_What this task involves:_ Would you output the lines from the one containing "27 Twenty First Avenue, Brighton QLD 4017" through the final line of the entries, exactly and with pictures omitted?

[Stored items]
_ _ _

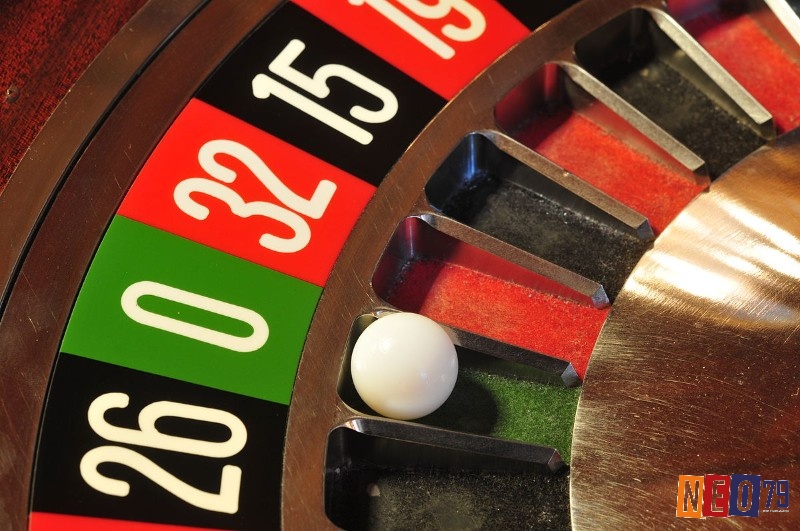 Roulette là game casino được nhiều người chơi yêu thích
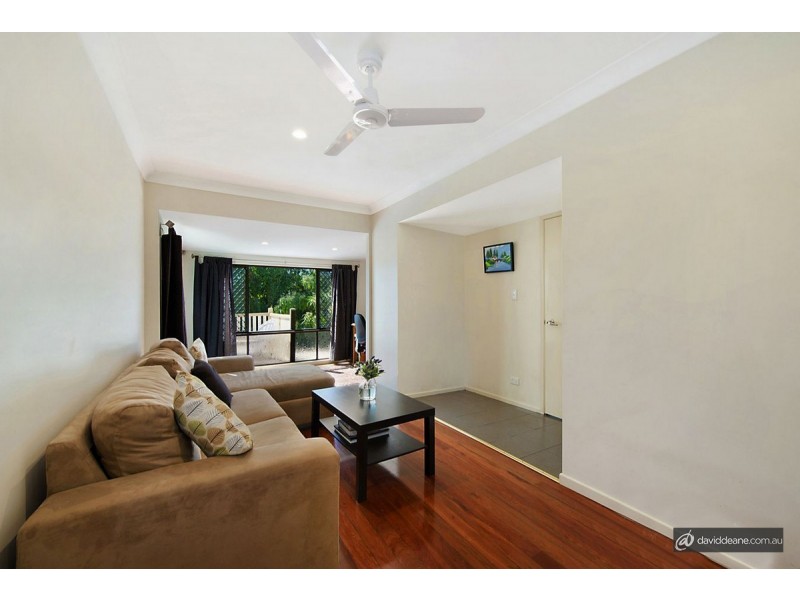 27 Twenty First Avenue, Brighton QLD 4017
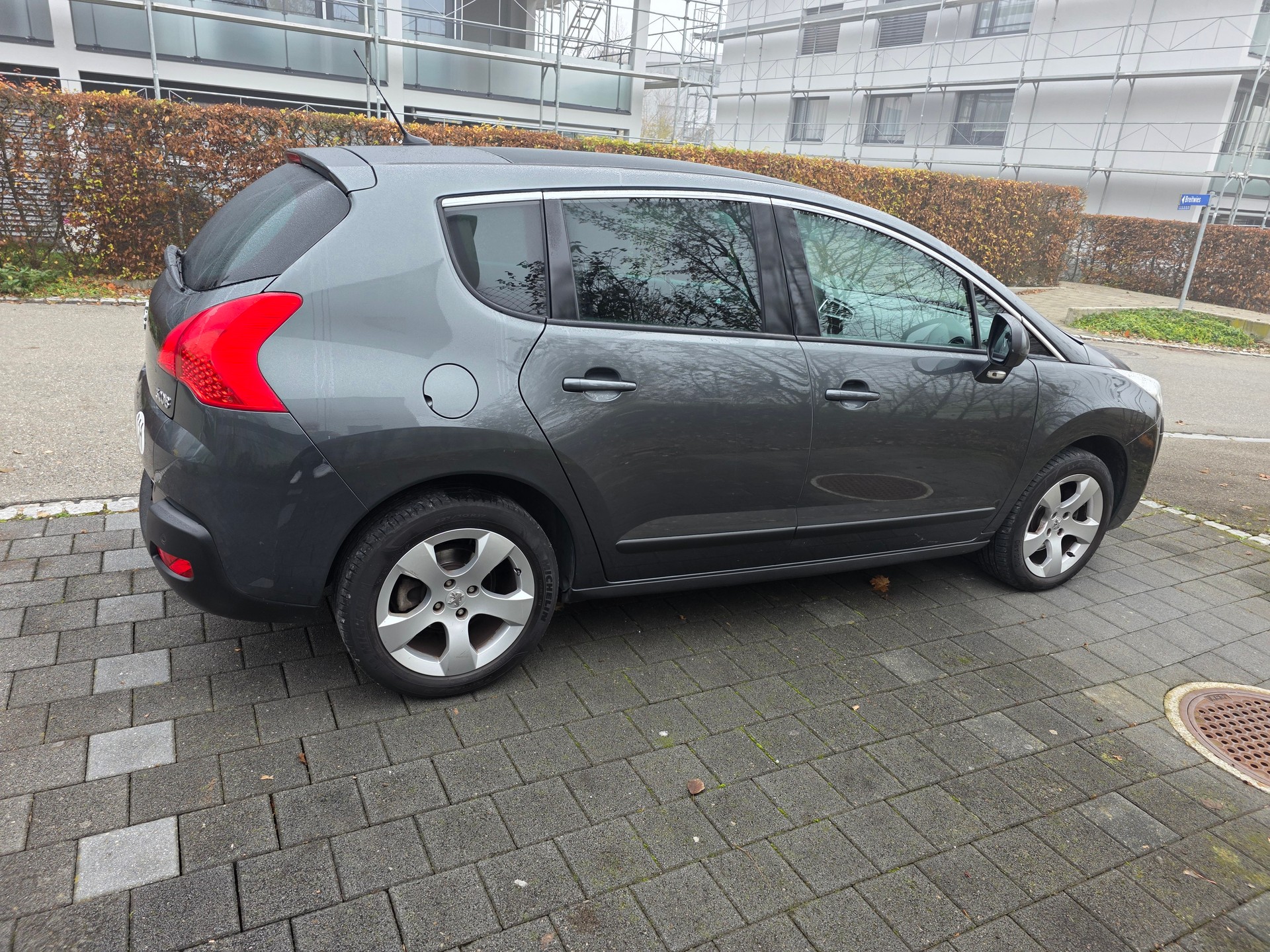 PEUGEOT 3008 2.0 HDI Business-image-3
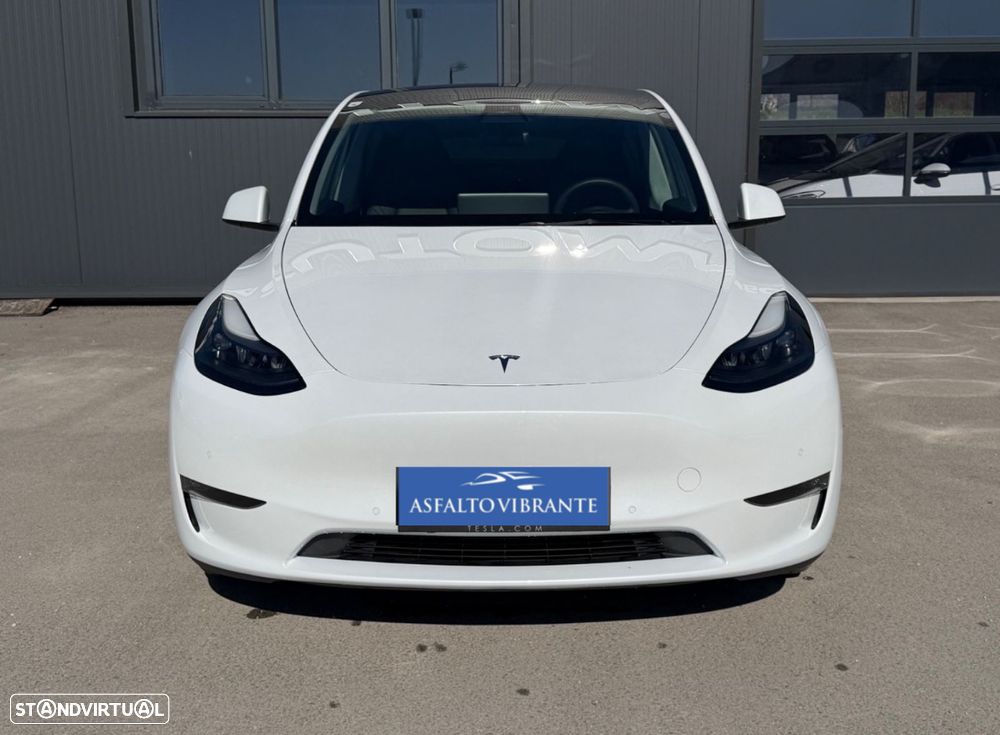 Tesla Model Y Long Range Dual Motor AWD - 1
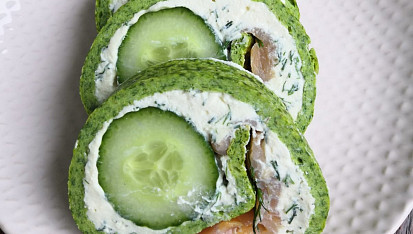 Špenátová roláda s uzeným lososem-low carb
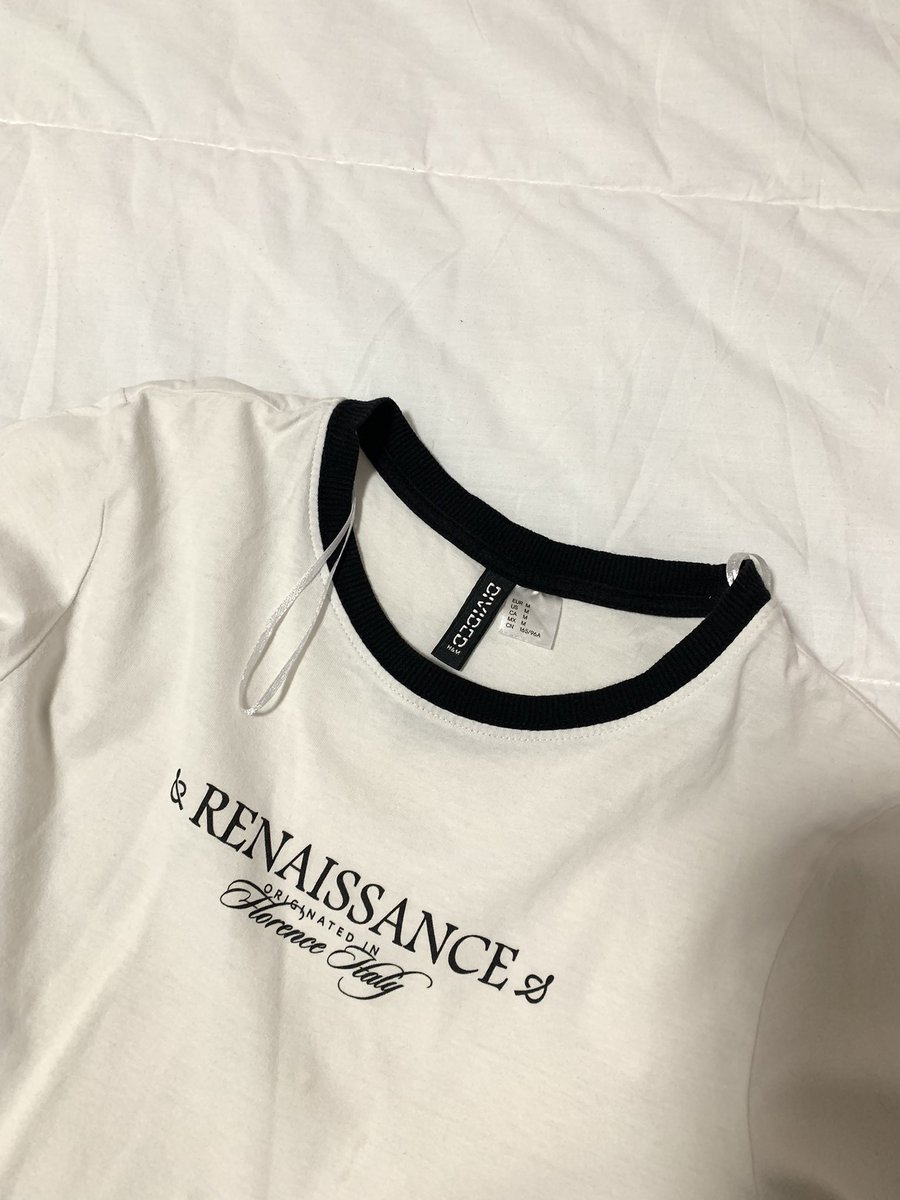 fnn2406's tweet photo. ครอป H&amp;M Printed T-shirt 🖤
(27)

size : (M)

🌀 Price : 80 baht
#ส่งต่อCintage #ส่งต่อเสื้อผ้า #ส่งต่อvgh #ส่งต่อvghbkk #ส่งต่อstylistshop #gentlewoman #ส่งต่อstylist #vghมือสอง #ส่งต่อuxryclub #ส่งต่อfallenangels https://t.co/LwoHi8Ligb
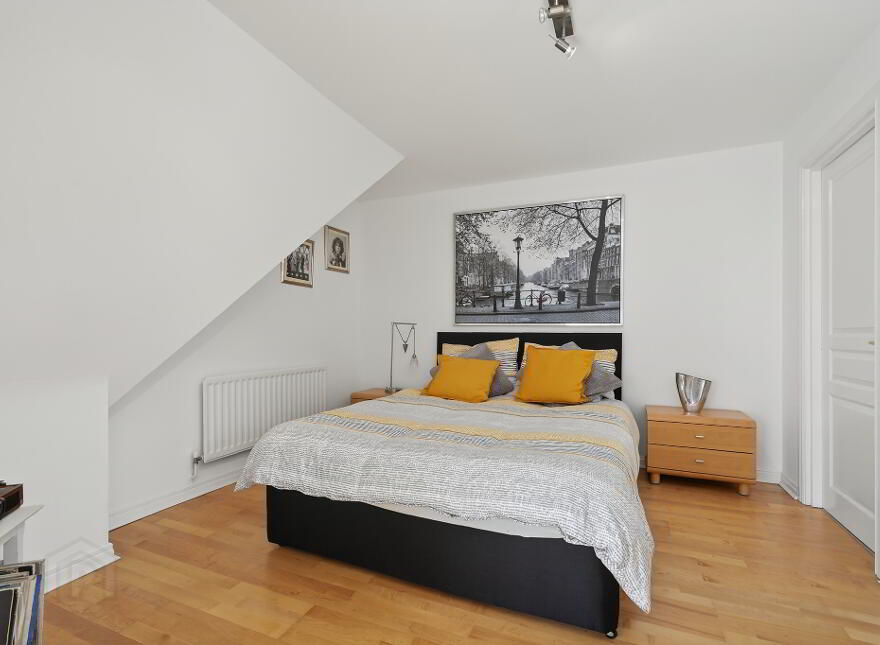 50 St Johns Wharf, Belfast, BT1 3LT
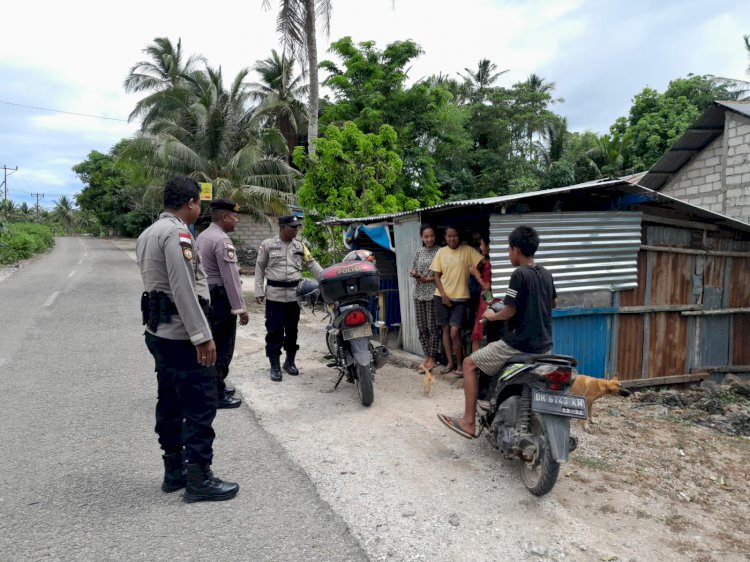 Patroli Dialogis Personel Polsek Rote Selatan Untuk Jamin Kamtibmas Selama Tahapan Pilkada Serentak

_ _ _

_Answer space:_
 27 Twenty First Avenue, Brighton QLD 4017
 PEUGEOT 3008 2.0 HDI Business-image-3
 Tesla Model Y Long Range Dual Motor AWD - 1
 Špenátová roláda s uzeným lososem-low carb
 fnn2406's tweet photo. ครอป H&amp;M Printed T-shirt 🖤
(27)

size : (M)

🌀 Price : 80 baht
#ส่งต่อCintage #ส่งต่อเสื้อผ้า #ส่งต่อvgh #ส่งต่อvghbkk #ส่งต่อstylistshop #gentlewoman #ส่งต่อstylist #vghมือสอง #ส่งต่อuxryclub #ส่งต่อfallenangels https://t.co/LwoHi8Ligb
 50 St Johns Wharf, Belfast, BT1 3LT
 Patroli Dialogis Personel Polsek Rote Selatan Untuk Jamin Kamtibmas Selama Tahapan Pilkada Serentak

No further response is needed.